Hi all,
I've been a lurker for a while and frequently use the forums to help with improve my photography and make purchase decisions. For instance, based on what I've read here, and knowing my own preferences and budget, I decided to purchase an RB67 ProSD. It arrived today and it is a thing of beauty. I am so excited to get shooting with it.
I put together the kit from a couple of different sources and it includes the SD body, 50mm C lens, WLF, and a 6x8 back. However, it didn't come with a focusing screen! Choosing a focusing screen is no easy task when I really have no experience with this type of composing, but I purposefully chose a camera with a WLF to give me a break from the world of viewfinders. I am looking for suggestions for the type of focusing screen to buy, and I am sure the type of photography matters. so here is a breakdown of what and how I plan to shoot.
Yes I will:
Shoot landscapes in color (Velvia, Ektar, and Portra VC) and black and white (TMax 400).
Shoot architectural scenes.
Often shoot in low light with very long exposures.
I frequently use filters and grads now (35mm RF and SLR) and anticipate doing so in the future.
Desire to get the maximum sharpness and DoF possible with the 50mm.
No I won't:
Work in a studio.
Shoot portraits of people or animals.
Do macro.
Do candids or street photography.
While I have pretty good knowledge overall of photography, I really am a newbie to the WLF format. For instance, how can a focusing screen for this setup have a rangefinder spot? Is this just a term for a spot that looks like a rangefinder spot?
I'd love to say money is no object, but one of the reasons I chose the RB was because it was one of the least expensive ways to get world class results in 6x7 format. (yes I know I could get a Fuji RF, but I wanted something different to try).
Thanks in advance for the advice
Chris
The plain screen works fine for most types of photography. My personal preference though, is for the horizontal split-image type. Not even the 360mm lens causes it to 'black-out'.
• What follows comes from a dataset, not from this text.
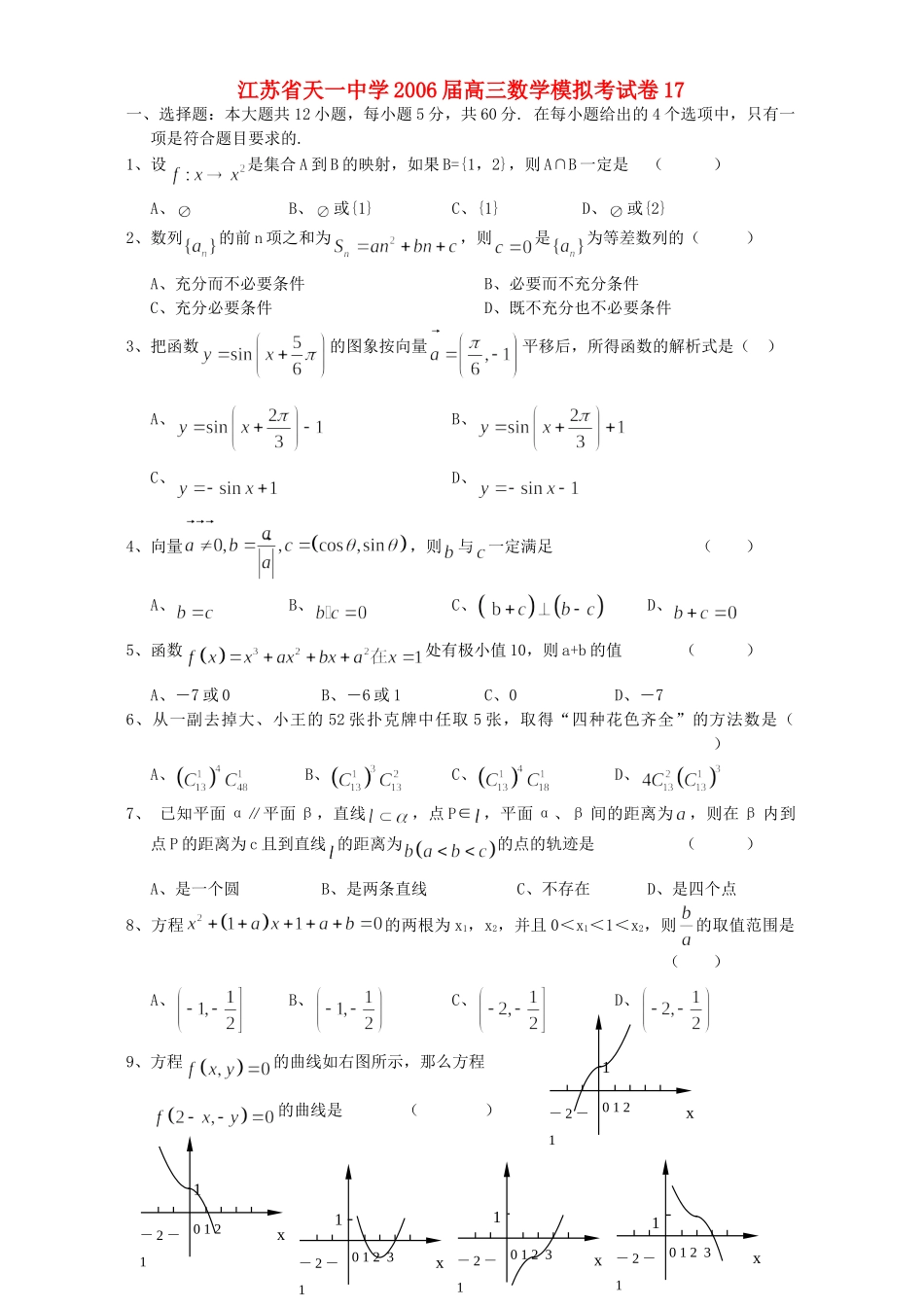 高三数学模拟考试卷17 人教版考试卷_第1页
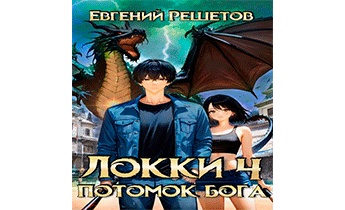 Локки. Потомок бога. Книга 4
I will shoot a fair amount of architectural stuff, but not for clients and not traditional. More abstract angles and detail shots, so I don't know if a grid would be something I'd like. I think subconsciously I'd be drawn to follow all the compositional "rules" and I hope I'm at the point where I can try to start breaking those rules..
I do like the idea of the matte screen if I'm understanding it will give me a WYSISYG situation. Do you compose and focus wide open, and then stop down for the shutter release? Is the little pop up magnifier in place of a loop?
Chris
I have the Pro-SD body but only the oldest version of the WLF - the magnifier swings up but the top remains open around it - it does not become light tight. I have often wondered if it would be worth getting the newer version of the WLF which does become light tight. Has anyone else switched and found a difference? Or would it perhaps be even better to go with the chimney finder? I assume the chimney finder is not collapsible, so what do you do with the camera when you put it in a bag, in order to protect the ground glass?